The excruciating inner monologue goes on from there, but you
can already guess how that second serve on break point is going to pan out.
What divides the great tennis player from the persistently
mediocre one? Well, many things. Among them is something mental. How much does one take their own mental
states as the objects of attention? DFW
imagines the great athlete as unbothered by an overactive inner voice. It’s not that the athlete is unintelligent –
indeed, greatness demands strategy and tactics as much as pure physical
aptitude. But the athlete must not be
constructing a story of their experience while also living it, lest the former
task disrupt the latter’s success. Truly
gifted athletes, he infers, must not be really
seeing themselves. In the wonderful
flourish at the end of Wallace’s essay, he suggests that a certain blindness is
not the price of the gift, but “its essence”.
I love this thought, perhaps in no small part because it
allows me to reconceive of my own painfully anti-clutch playing disposition as
concealing something like the opposite sort of giftedness. Of course I will botch big points; with an
inner life as rich as my own, how could I help it?! My own corollary to DFW’s point: Maybe
discerning self-awareness is not the price of being bad at sports, but its very
essence!
Much as I find my corollary appealing, observations like
those from the Australian Open give me pause.

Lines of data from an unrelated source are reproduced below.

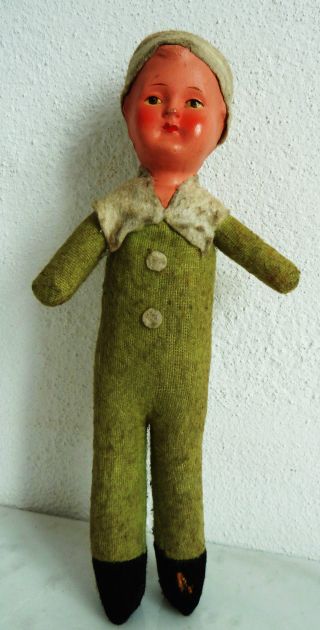 Dachbodenfund: Alte Puppe Körper Stoff Mit Holzwolle Gefüllt Größe: Ca.  26 Cm Bild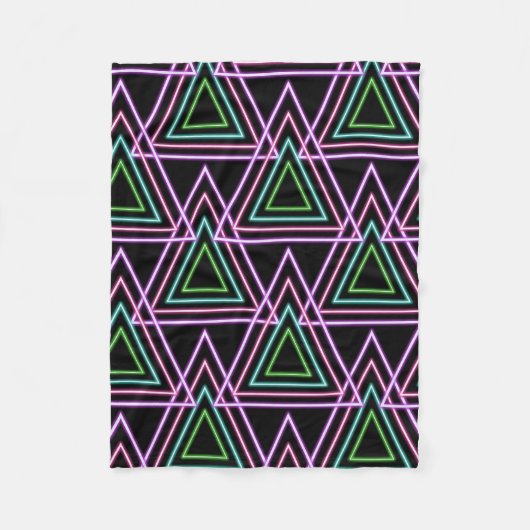 Black Colorful Retro 80's Neon Geometric Triangles Fleecedecke (Vorderseite)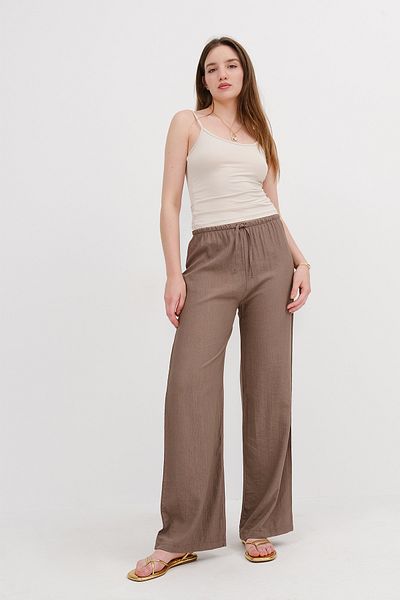 Addax Wide Leg Trousers with Waist Rope Tie Pn10450-K7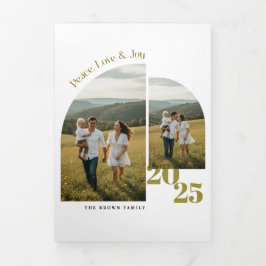 Minimal Christmas Family Arch Photo Dreifach Gefaltete Ankündigung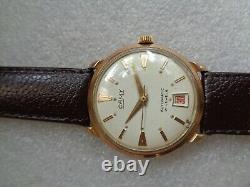 Rare Collectible Vintage Swiss Gold Plated Camy Date@6 Automatic Wristwatch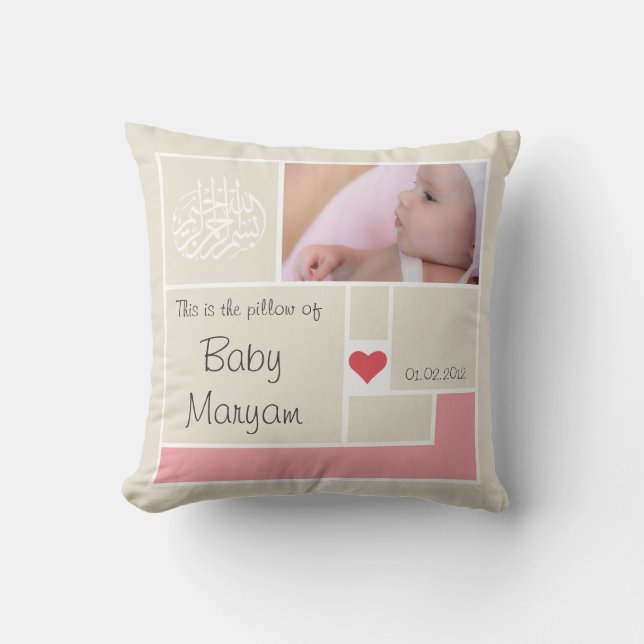 Islamische Islam Aqeeqah Babyname Aqiqah Moslems Kissen (Vorderseite)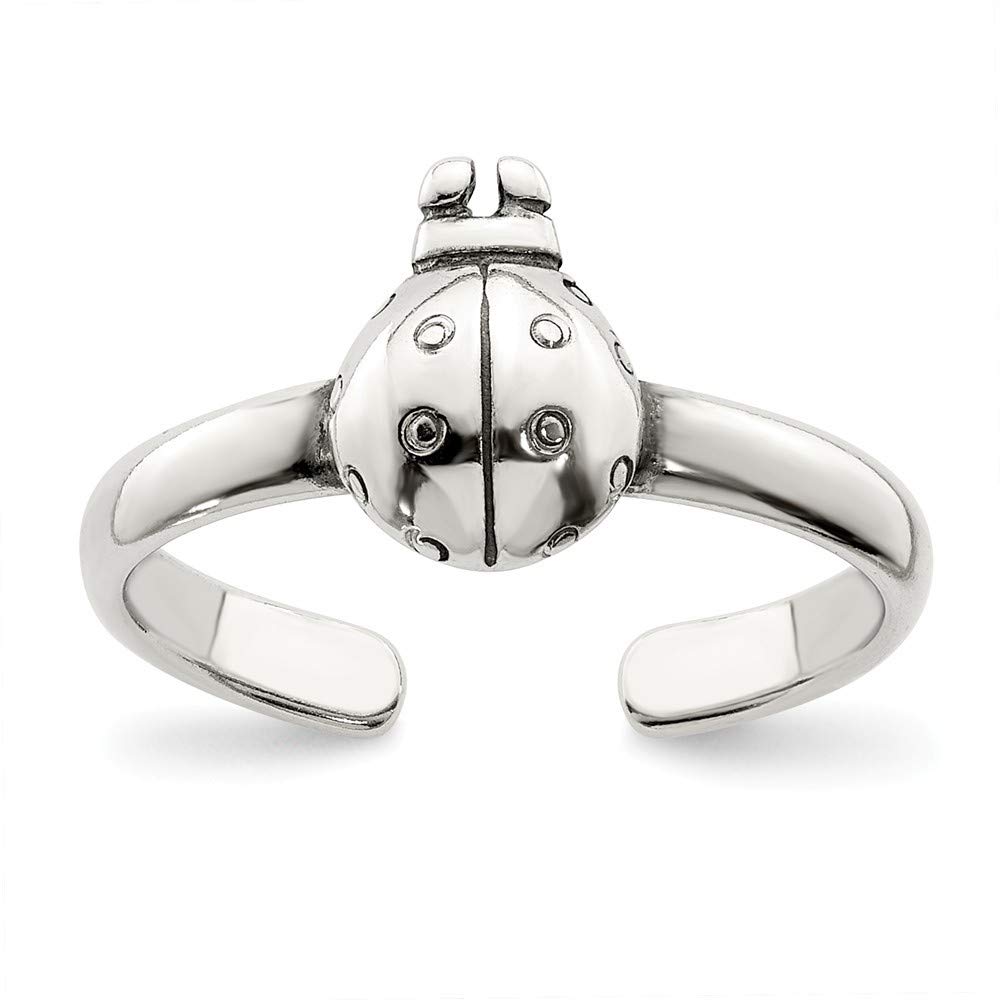 925 Sterling Silver Solid finish Ladybug Toe Ring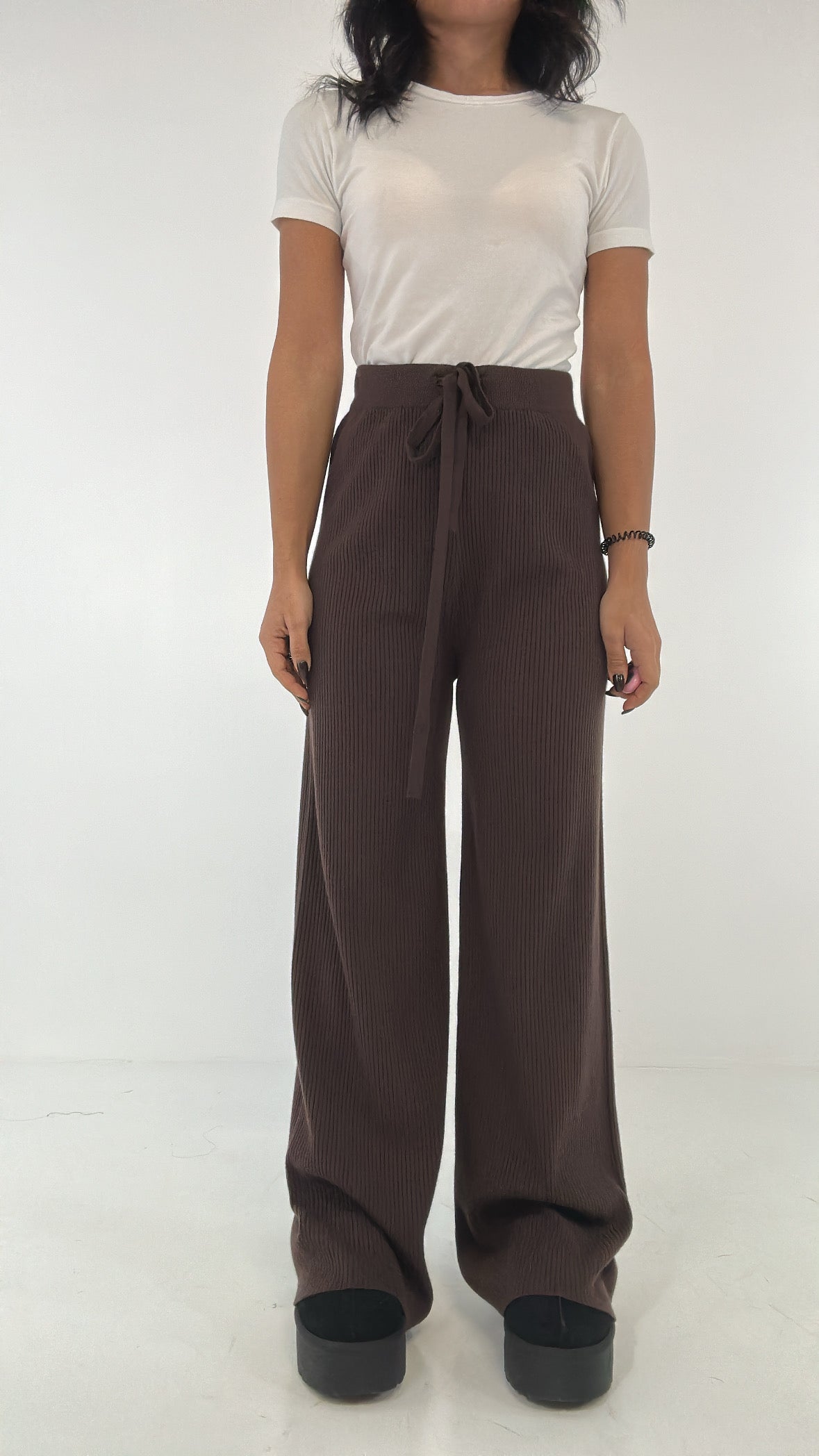 Pantalone IN MAGLIA COSTINE - MARRONE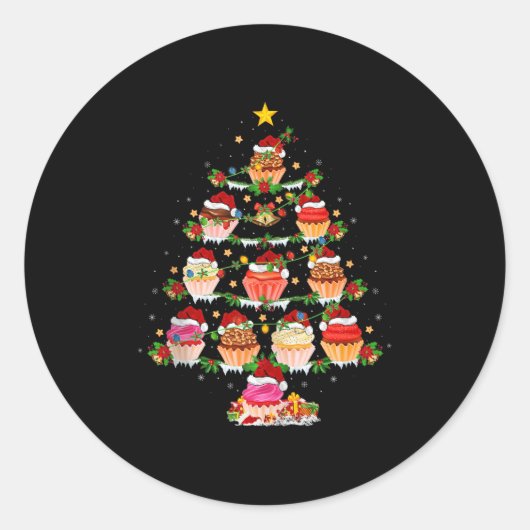 Cupcake Christmas Tree Lights Funny Fast Food Cupc Runder Aufkleber (Vorderseite)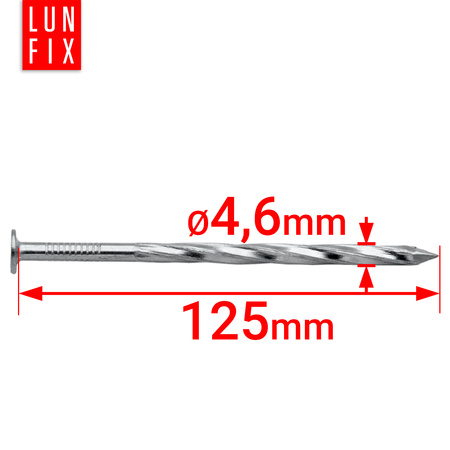 Gwoździe skręcane 4,6x125 mm 5 cali ocynkowane 1kg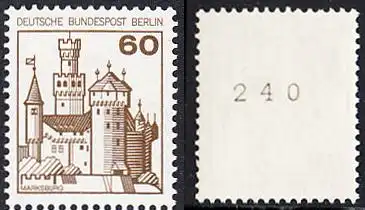 BERLIN 1977 Michel-Nummer 537 postfrisch EINZELMARKE m/ rücks.Rollennummer 240 - Burgen und Schlösser: Marksburg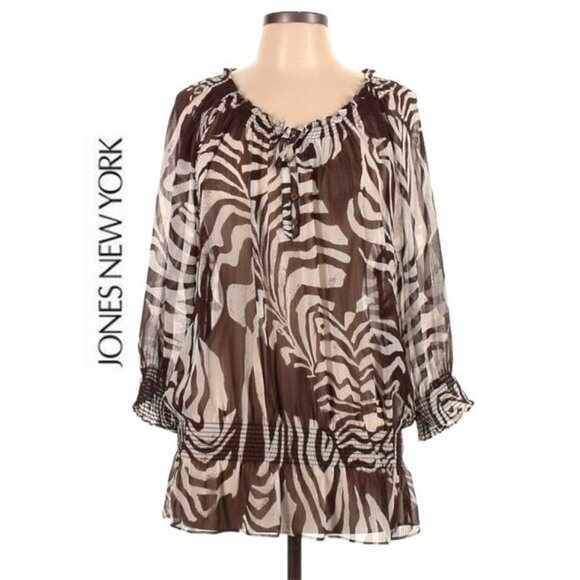 JONES NEW YORK, Animal print sheer loose fit tunic top - Picture 1 of 14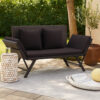 Outdoor Loveseat Bench, Black Fabric Cushions, Rattan, Steel, 51 Inch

If great athletes were wired differently from you and me, we might well
expect those psychological differences to be robust against changes in how
matches are called. But if replacing
linespeople with Hawk-Eye changes the amount of reactive sentiments experienced
by players, then my corollary looks less promising. As
with other virtues, we might do better to look for situational features
that support a given psychological disposition, rather than thinking of it as a
deep-seated feature of the player’s character.
In other words, my guess is that Simona Halep and I are pretty similar
in the depth of our inner lives, but pretty different in that Halep is a
world-class athlete and I’m…terrible.
So here are the two lessons.
(1) Interference uniquely provokes reactive attitudes and (2) situations,
more than character, have a lot to say about how those attitudes will affect
us. What to make of this? Now the political part. I think philosophers dramatically
underestimate how bad interference is, for reasons relating to (1). Here’s a common way of arguing: “In the world,
X value is compromised. But X is really
important! So it’s ok to interfere with
people for the sake of X. Yes it will be
interfering, but X is more important than the cost of interference.” My problem with this general strategy is that
it’s not attending to the endogenous response to the proposed
interference. And this is where (2)
comes in. Interference is bad, and
institutionalizing it compounds the problems.
Translation: when interference is institutionalized within the political
state, many philosophers think it’s not as bad; I think it’s worse.
I grant this is something less than an argument. On the other hand, I’m way closer to getting
an argument than to getting enough top spin on my second serve.